For best results, the U.S. Consumer Financial Protection Bureau recommends explaining the following to your creditors:
- Exactly what financial hardships have left you unable to pay your bills
- How much you can afford to pay in lieu of the full amount
- When you expect to be capable of making full payments again (or paying the lender in full to get caught up)
- Your income and other expenses
Be sure to get any agreements your creditors make in writing.
5. Look for additional assistance
Once you know if and how your creditors are willing to help, look for additional assistance that might help you get back on track sooner.
This assistance could come in many forms, including:
- debt consolidation loans (note: speak with a financial advisor before going this route as these loans are very nuanced and only make sense in specific circumstances)
- unemployment benefits
- other economic relief programs (i.e. the U.S. Covid-19 Economic Relief initiatives)
- volunteer programs (i.e. soup kitchens that can help you save money on meals)
Any money you receive (or save) via this additional assistance should go towards getting yourself back on track financially.
6. Increase your income
The previous two steps are all about seeking help through external channels. Once you’ve done that, it’s worth looking into how you can help yourself by increasing your income. This is easier than you might think; check out this article I wrote containing 18 strategies for making money quickly when you’re in a bind.
Those strategies include:
- asking for a raise at work
- freelancing
- selling items on eBay
- babysitting
- driving for Uber
- negotiating your bills
The best part about increasing your income? It will provide benefits long after you’ve overcome your current financial difficulties. In the future, you can use that money to actually get ahead financially (i.e. by investing).

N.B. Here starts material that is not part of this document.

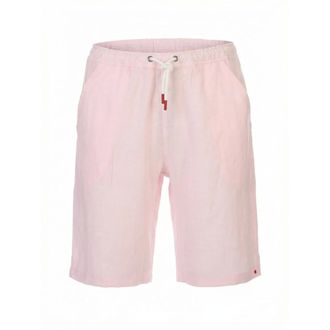 Kiton Casual Shorts, male, Pink, Size: W36 Drawstring Shorts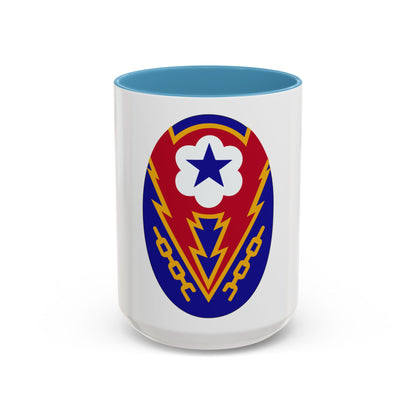 Communications Zone Personnel Europe (U.S. Army) Accent Coffee Mug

7. Once you’re back on track, make a plan to stay on track
Now that I’ve shared my thoughts regarding what to do if you can’t pay your bills, let’s discuss handling your finances once you’re back on track.
For starters, you need a budget that keeps you from spending more than you earn. One tool many people swear by for achieving this is You Need a Budget. It’s a web application designed to help you get out of debt and save more money.
Establishing an emergency fund is also an incredibly important part of staying on track. Many financial experts recommend keeping enough money in savings to cover three to six months of expenses. That way, even if your income drops to $0, you have some breathing room.
These two items (your budget and your emergency fund) will serve as a very solid financial foundation and reduce your likelihood of being unable to pay your bills again. For some tips on becoming even more resilient, check out my financial planning articles here.
Conclusion
I hope this article has given you some food for thought regarding what to do if you can’t pay your bills. The short of it is that you’ve got more courses of action than you might think. Just remember to speak with a financial advisor before acting!